Cross Entropy Loss

Building of a new loss

Consider again the example of the single neuron. However, the task is no longer to make its unit input zeros.

🎯 Goal

The goal is to drop the derivative terms ${\sigma }^{\prime }(z)$ from the loss function derivatives (which drive gradient descent), in order to avoid the vanishing-gradient problem in the saturation region of the sigmoid.

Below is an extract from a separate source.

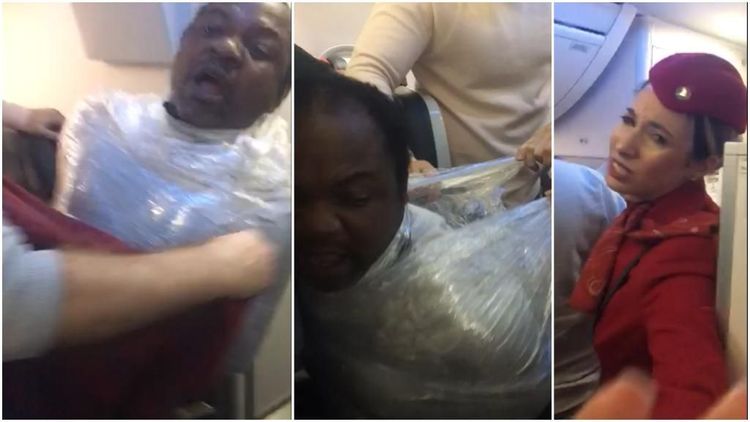 तुर्की पोलिसांनी प्रवाशालाच प्लास्टिकमध्ये गुंडाळलं....असं कोणी करतं का?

$$\begin{array}{rlrl}\frac{\partial {\mathcal{L}}_x}{\partial w}& =(a-y){\sigma }^{\prime }(z)x& ⟶& (a-y)x\\ & & & \\ \frac{\partial {\mathcal{L}}_x}{\partial b}& =(a-y){\sigma }^{\prime }(z)& ⟶& (a-y)\end{array}$$

${\sigma }^{\prime }(z)$ is a critical multiplicative factor: when ${\sigma }^{\prime }(z)\simeq 0$, the gradient vanishes, even if the error $(a-y)$ is large.

Problem setup

From the perspective of functional analysis, the problem can be posed as follows:
identify a loss function whose derivatives with respect to $w$ and $b$ do not depend on the derivative of the activation function.

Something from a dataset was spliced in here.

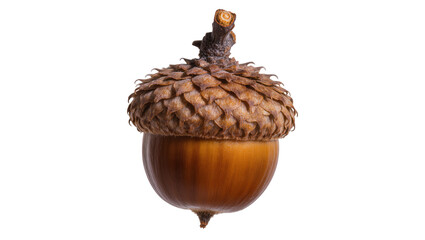 Brown acorn with textured cap, isolated on transparent background © Igor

For simplicity, let’s focus on the partial derivative $\partial {\mathcal{L}}_x/\partial b$.

By applying the chain rule

$$\frac{\partial {\mathcal{L}}_x}{\partial b}=\frac{\partial {\mathcal{L}}_x}{\partial a}\frac{\partial a}{\partial b}{|}_{a=\sigma (wx+b)}=\frac{\partial {\mathcal{L}}_x}{\partial a}\frac{\partial \sigma }{\partial z}\frac{\partial z}{\partial b}=\frac{\partial {\mathcal{L}}_x}{\partial a}{\sigma }^{\prime }(z)$$

knowing that

$${\sigma }^{\prime }(z)=\sigma (z)(1-\sigma (z))=a(1-a)$$

and imposing the functional analysis constraint, namely, to find a loss function ${\mathcal{L}}_x$ such that

$$\frac{\partial L_x}{\partial b}=(a-y)$$

we get:

$$\frac{\partial {\mathcal{L}}_x}{\partial a}=\frac{\partial {\mathcal{L}}_x}{\partial b}\cdot \frac{1}{{\sigma }^{\prime }(z)}=\frac{a-y}{a(1-a)}$$

Finally, integrating w.r.t. $a$ gives the new loss function:

$$\boxed{{\mathcal{L}}_x=-[y\cdot \log (a)+(1-y)\cdot \log (1-a)]}$$

Proof of the Integration

The calculation of ${\mathcal{L}}_x$ from its partial derivative with respect to $a$ requires solving the following integral:

$${\mathcal{L}}_x=\int \frac{\partial {\mathcal{L}}_x}{\partial a}da=\int \frac{a-y}{a(1-a)}da$$

The integral is solved using the method of partial fraction decomposition. The expression is set up as follows:

$$\frac{a-y}{a(1-a)}=\frac{A}{a}+\frac{B}{1-a}$$

The coefficients $A$ and $B$ are found by multiplying both sides by the common denominator $a(1-a)$:

$$a-y=A(1-a)+B(a)$$

The values of $A$ and $B$ are then determined by substituting strategic values for $a$:

1. For $a=0$: $$0-y=A(1-0)+B(0)⟹-y=A$$
2. For $a=1$: $$1-y=A(1-1)+B(1)⟹1-y=B$$

Substituting the values of $A$ and $B$ back into the decomposed expression gives:

$$\frac{a-y}{a(1-a)}=\frac{-y}{a}+\frac{1-y}{1-a}$$

The integration can now be performed term by term:

$${\mathcal{L}}_x=\int \left(\frac{-y}{a}+\frac{1-y}{1-a}\right)da=-y\int \frac{1}{a}da+(1-y)\int \frac{1}{1-a}da$$

Solving the two simple integrals yields:

• $\int \frac{1}{a}da=\log (a)$
• $\int \frac{1}{1-a}da=-\log (1-a)$ (found via u-substitution where $u=1-a$)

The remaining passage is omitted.